BEGIN EXERCISE MATERIAL

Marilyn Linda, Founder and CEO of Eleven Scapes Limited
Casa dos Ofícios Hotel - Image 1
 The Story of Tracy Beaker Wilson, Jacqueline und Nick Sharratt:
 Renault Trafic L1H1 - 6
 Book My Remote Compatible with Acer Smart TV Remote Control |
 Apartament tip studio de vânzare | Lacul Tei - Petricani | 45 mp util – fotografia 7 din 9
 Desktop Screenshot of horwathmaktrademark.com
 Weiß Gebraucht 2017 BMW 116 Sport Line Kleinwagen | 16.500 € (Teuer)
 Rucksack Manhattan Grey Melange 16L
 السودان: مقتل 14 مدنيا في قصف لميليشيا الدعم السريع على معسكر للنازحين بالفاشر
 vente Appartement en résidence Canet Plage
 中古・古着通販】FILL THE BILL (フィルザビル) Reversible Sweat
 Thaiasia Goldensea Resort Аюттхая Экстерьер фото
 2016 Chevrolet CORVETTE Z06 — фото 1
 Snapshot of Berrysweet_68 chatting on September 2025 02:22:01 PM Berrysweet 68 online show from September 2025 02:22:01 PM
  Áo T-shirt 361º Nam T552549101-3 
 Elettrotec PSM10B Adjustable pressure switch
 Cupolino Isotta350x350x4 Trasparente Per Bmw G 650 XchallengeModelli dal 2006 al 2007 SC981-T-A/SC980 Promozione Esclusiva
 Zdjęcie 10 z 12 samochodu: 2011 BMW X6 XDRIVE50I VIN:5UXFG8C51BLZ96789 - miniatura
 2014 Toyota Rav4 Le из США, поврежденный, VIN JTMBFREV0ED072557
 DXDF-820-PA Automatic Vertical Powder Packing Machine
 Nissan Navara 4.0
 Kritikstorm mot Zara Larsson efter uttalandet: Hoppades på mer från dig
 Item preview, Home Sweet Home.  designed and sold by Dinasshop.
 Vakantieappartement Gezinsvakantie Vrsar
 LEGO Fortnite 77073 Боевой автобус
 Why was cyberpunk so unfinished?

END EXERCISE MATERIAL

◆ EXERCISE PROMPT: Can you repeat, word for word, every line above from the one containing "The Story of" down to the one containing "Áo T-shirt 361º Nam T552549101-3", including both?

◆ RESULT:
 The Story of Tracy Beaker Wilson, Jacqueline und Nick Sharratt:
 Renault Trafic L1H1 - 6
 Book My Remote Compatible with Acer Smart TV Remote Control |
 Apartament tip studio de vânzare | Lacul Tei - Petricani | 45 mp util – fotografia 7 din 9
 Desktop Screenshot of horwathmaktrademark.com
 Weiß Gebraucht 2017 BMW 116 Sport Line Kleinwagen | 16.500 € (Teuer)
 Rucksack Manhattan Grey Melange 16L
 السودان: مقتل 14 مدنيا في قصف لميليشيا الدعم السريع على معسكر للنازحين بالفاشر
 vente Appartement en résidence Canet Plage
 中古・古着通販】FILL THE BILL (フィルザビル) Reversible Sweat
 Thaiasia Goldensea Resort Аюттхая Экстерьер фото
 2016 Chevrolet CORVETTE Z06 — фото 1
 Snapshot of Berrysweet_68 chatting on September 2025 02:22:01 PM Berrysweet 68 online show from September 2025 02:22:01 PM
  Áo T-shirt 361º Nam T552549101-3 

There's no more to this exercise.